この日、北海道は朝から怪しい雲行きで、競馬場が開門する午後2時には風雨も強くなり、あいにくのコンディション。それでも開幕を待ちかねたファンが次々に競馬場を訪れ、半年振りとなるナイター競馬を楽しんだ。
初日の目玉は第7レースに組まれた「スーパーフレッシュチャレンジ競走」。全国で最も早い2歳新馬戦で賞金も通常の認定競走(170万円)よりも高い300万円。開幕日に合わせて用意され、11頭の2歳馬が出走した。
このレースを制したのは、川島洋騎手の乗った2番人気パフォーマンス。父アッミラーレ、母プラチナウィンク(アフリート)という牡栗毛で、田中正厩舎。生産・野島牧場で馬主も野島春男氏というオーナーブリーディングホースである。
年間いくつ組まれるレースなのか判然としないが、300万円の1着賞金はダントツで、翌日の北斗盃(重賞、200万円)より100万円も高いという豪華版。パフォーマンスは楽々と先頭に立つと後続を引き離し4馬身差でゴールインし、今年の2歳戦勝利馬第一号となった。
途中から雲が切れてきて、雨が上がったかと思うとまた時折思い出したように降雨に見舞われる安定しない空模様の一日であった。終日風が強く、おまけに寒い。そのためにスタンド内部で過ごすファンが大半で、外で観戦するには辛い初日となった。
この日の入場者は最終的に884人。売り上げは1億3991万7200円。
翌29日は祝日だったが、雨、不良馬場のスタートとなり、931人、1億5571万9400円。周知の通り、道営競馬は、売り上げの大半を場外に依存しており、とりわけ南関東地区との相互発売によって支えられている。したがって、本場である門別の入場者数は、全体の売り上げにそれほど影響を与えない。
それを改めて見せ付けられたのが、5月4日であった。
この日はコスモバルクの引退式が行われた。スタンドはバルクを一目見ようというファンでぎっしりと超満員。セレモニーはウイナーズサークル横に特設スペースが用意され、午後5時半、赤い馬服に身を包んだコスモバルクが登場すると一斉にカメラが向けられた。

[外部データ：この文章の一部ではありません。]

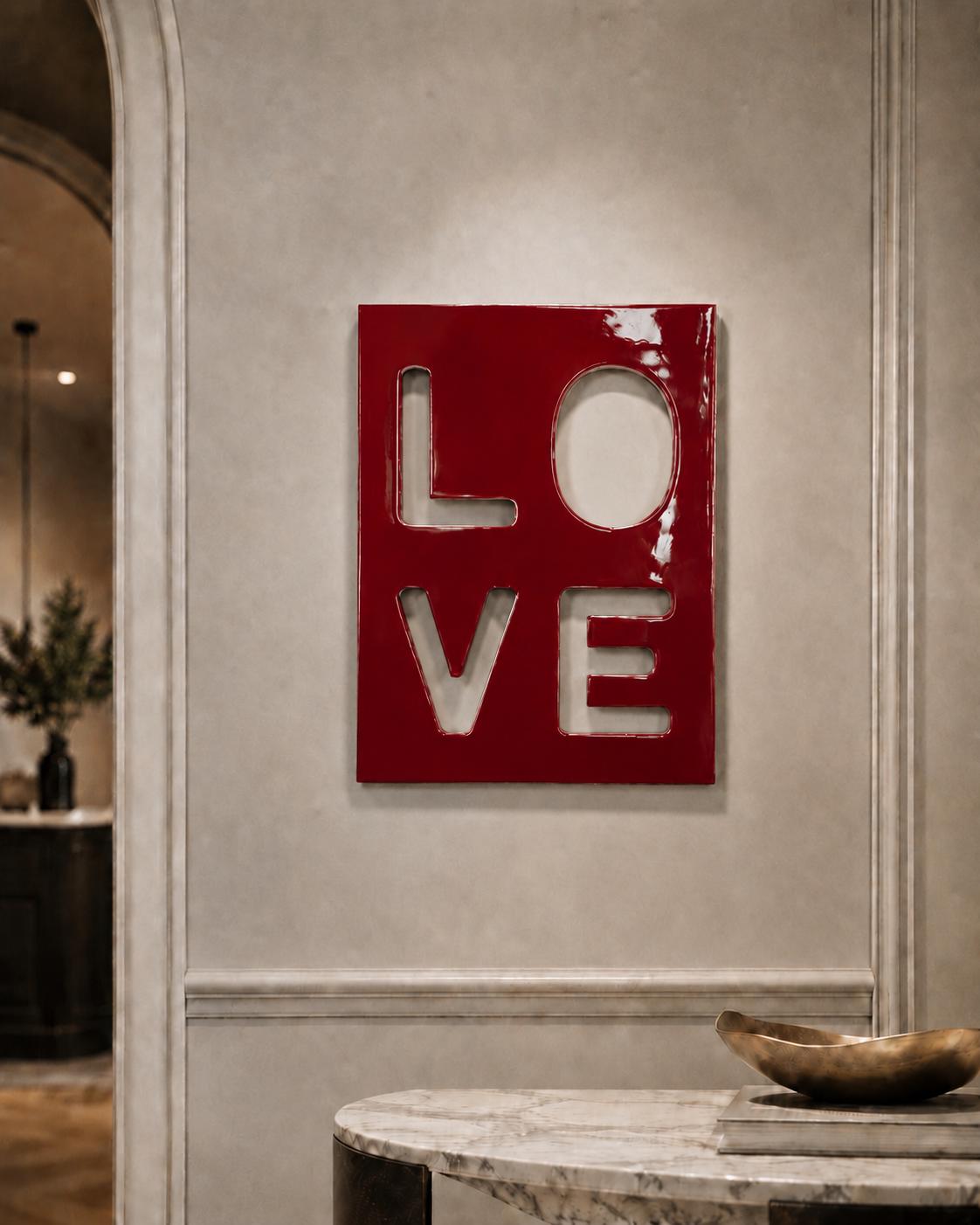 A rectangular wall art piece with a glossy, deep red finish featuring the word LOVE cut out in a block-letter style. The letters L, O, V, and E are arranged in a two-by-two grid, revealing the light-colored wall surface behind them.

バルクがウイナーズサークルを周回する間、そのすぐ隣でバルク関係者(ビッグレッドファーム=岡田繁幸、美佐子夫妻、田部和則調教師、五十嵐冬樹騎手、鹿島秀樹、榎並健史両厩務員)に対し、功労馬表彰や知事感謝状、花束などが贈呈された。
セレモニーの最後にマイクを持った岡田繁幸氏は、この馬を400万円で購入した経緯や認定外厩第一号として中央=地方の壁を突き破るために様々な挑戦を繰り返してきた戦跡を振り返り、熱弁を展開した。
最終的にこの日は、バルク効果によって入場者が2867人に達し(たぶん)過去最高となった。
その反面、売り上げは1億6431万4000円と、前週2日間と比較しても微増に止まり、改めてここ門別が極端な場外依存型の競馬であることを思い知らされた気がする。
さて、最後に苦言を一つ。コスモバルク引退式に関することである。
松葉杖に頼りながらバルクの生産者である加野喜一氏が姿を見せた。
しかし、表彰式の場に生産者の立つ場所が用意されていないのであった。
そのために、加野氏は、セレモニーが終わるまでウイナーズサークルの片隅でずっと待っていた。
表彰状や記念品などなくとも良いが、せめて関係者として遇する配慮ができなかったものか。花束の一つもなぜ手渡してあげられなかったのだろうと残念に思うよりも腹立たしく感じた。
これでは「馬産地競馬」の名に値しない。画竜点睛を欠くとはこのことである。